Some time ago, President Trump’s team produced a $1.5 trillion infrastructure plan, which was really a $200 billion infrastructure plan with some wishful thinking attached. The president now says he never supported any such thing — “Gary’s thing,” he calls it, referring to Gary Cohn, the Democrat and Goldman Sachs veteran who once served as Trump’s principal economic adviser — and now the president has joined forced with Nancy Pelosi and Chuck Schumer on something new: a $2 trillion infrastructure plan, which also is composed mainly of wishful thinking.
Call us bipartisan, but when Trump, Pelosi, and Schumer all agree to spend $2 trillion — without quite deciding what they’re going to spend it on or where the money’s coming from — we start to hear from our inner Patrick Henry.
Instead of “Gary’s thing,” we have Gary’s thing with 33 percent more loot. What could possibly go wrong?
You can tell this is backward by the fact that the triumvirate has settled on a price tag — an incomprehensibly large one — but is remarkably fuzzy on what’s to be bought with that $2 trillion. Imagine taking your car to the mechanic and hearing, “That’ll be $10,000” — without ever being told what’s actually being repaired. You might begin to suspect that something is not entirely on the up-and-up.
We have been here before, with Barack Obama and his “shovel-ready” projects. The lesson of Obama’s failed stimulus bill — which was in considerable part an infrastructure program — is that doing things backwards does not work. Appropriations first, projects second, is as backwards as it can be. That’s apparent in both the specific successes and general failure of the Obama stimulus. For example, Michael Grabell of the New York Times cites the decommissioning of the nuclear plant at the Savannah River Site at Aiken, S.C., as a model of how these projects should work. The cleanup was, in fact, ready to go: All that was needed was $1.6 billion to make it happen. “As soon as the money arrived in the summer of 2009, the retired cold war nuclear plant hired thousands of workers to decommission reactors . . . . The county’s unemployment dropped to 8.5 percent from 10.2 percent in a matter of months.” The local economic improvement was a happy side effect of the federal government doing a job that needed doing and that was ready to be done. Compare that with vague programs calling for “weatherization” or other ill-defined improvements.
“Infrastructure” is not an undifferentiated commodity, a lump of all-purpose putty that we can just order up more or less of as circumstances dictate. Infrastructure instead consists of many thousands of discrete projects, some of which are mainly federal responsibilities, some of which are primarily state and local jobs that may or may not merit federal assistance. And that is how “infrastructure” should be dealt with: on a case-by-case basis. That is why we have this splendidly specialized array of committees and subcommittees and bureaucracies and congressional procedure.

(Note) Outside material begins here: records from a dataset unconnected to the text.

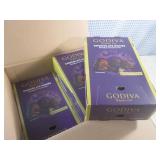 (C-2) 48 Godiva Belgium 1926 Double... (C-2) 48 Godiva Belgium 1926 Double...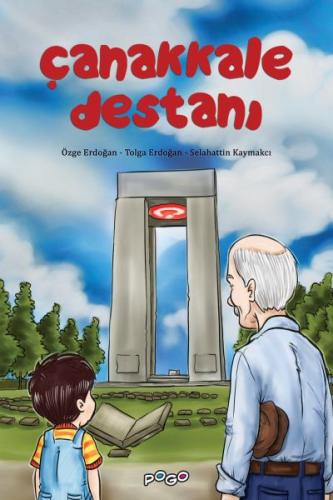 Çanakkale Destanı Özge Erdoğan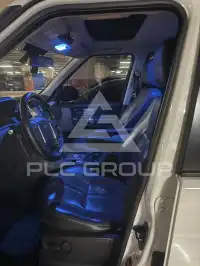 2016 Land Rover Discovery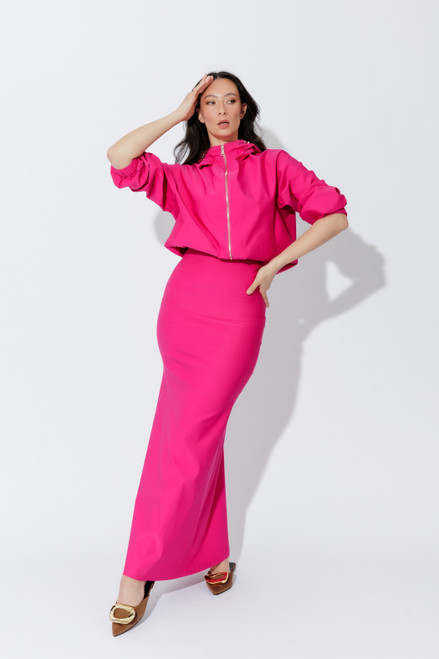 Pink Lux Sport Miracle Skirt Pink Lux Sport Miracle Skirt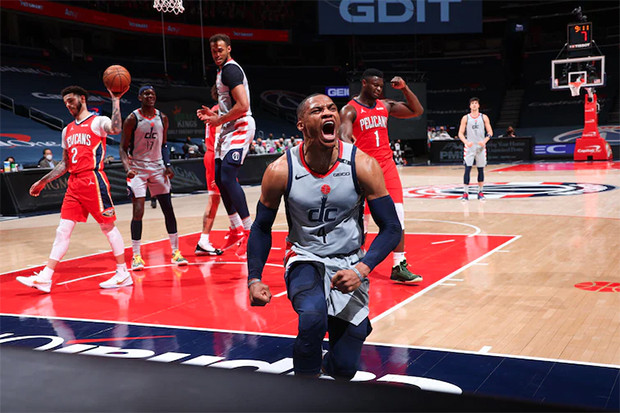 Hasil Pertandingan NBA,...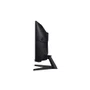Monitor Gamer LED Samsung 34" Curvo 165Hz 1ms Ultra WQHD Odyssey G5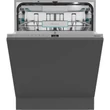 Kép 2/13 - Hisense HV693A66UVAD TELJESEN INTEGRÁLT MOSOGATÓGÉP  16 teríték – 3 kosár, "A" , INVERTER , 8 pr , ExtraHygene  UV technológiával, 7  hőm , WIFI ConnectLife  AllDRY , Padlófény,  SmartDosing ,  Teljes AquaStop , SelfCleaning , 9,5 liter,  38 dB(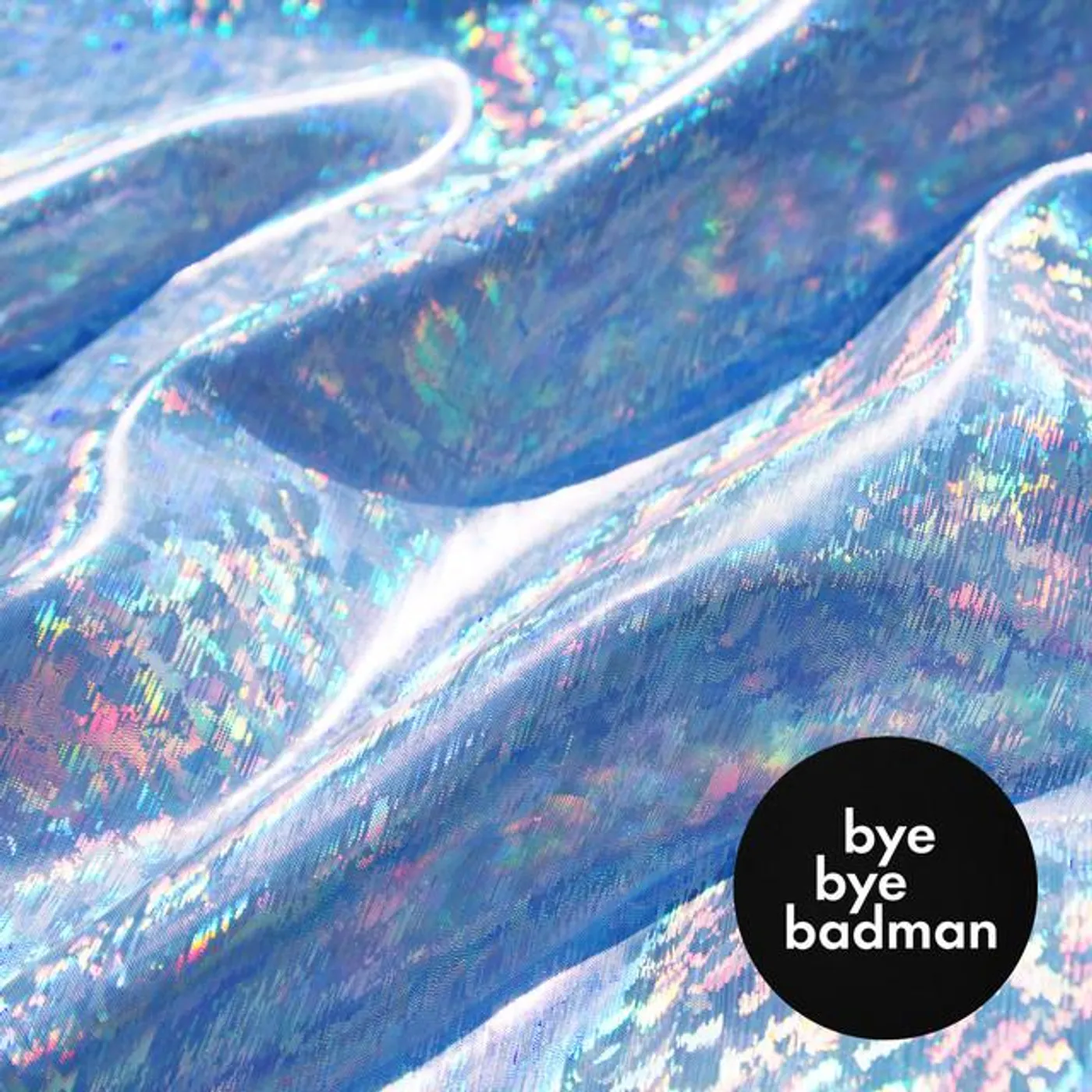 Bye Bye Badman Brand Page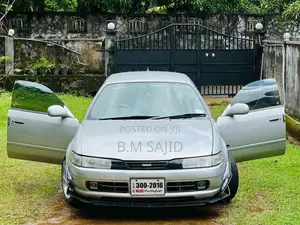Toyota Marino 1994 Car (Used)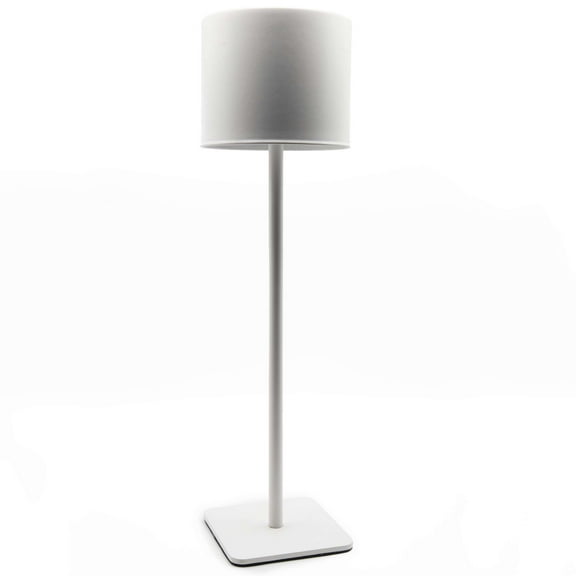 OneDesign Home Rechargeable & Portable White LED Touch Lamp: Features Multiple Light Settings and Dimmer
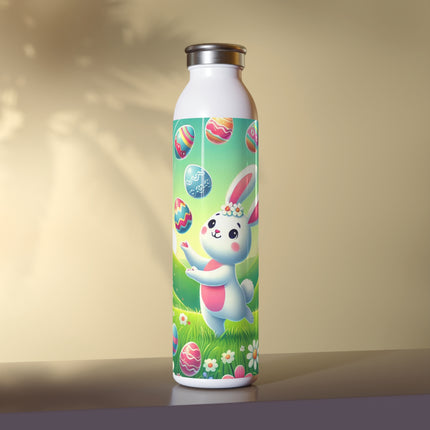 Easter Bunny’s Slim Water Bottle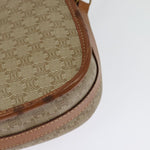 Celine Macadam Shoulder Bag PVC Leather - image 9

And that, not a once-in-a-generation all-in multitrillion-dollar “fix,” is how responsible adults deal with roads and bridges and the like.
We note that figuring out how to pay for this is at the bottom of the current agenda. To the extent that it’s being talked about at all, there already is fundamental and probably unbridgeable disagreement: Some of the Democrats want to undo the 2017 tax cuts, others want to raise the federal gasoline tax. House Majority Leader Steny Hoyer (D., Md.) insisted: “It is up to President Trump to work with us by identifying new revenue to support that investment.” But revenue bills originate in the House of Representatives, not in the Oval Office.
This is not a sane way to proceed. If you aren’t willing to spend the money for particulars on a case-by-case basis, then you shouldn’t be spending the money as a generality in one big heap.
Congressional Republicans already have made known some reservations about this plan. In particular, they have preemptively said no to rolling back the 2017 tax cuts, which Senator Schumer insists is a precondition for exploring other options, such as raising the gasoline tax. The thing is already a mess before it has got started.
It is not going to get any better. The infrastructure scheme deserves to die an early and unlamented legislative death. It’s just another variation on Gary’s thing.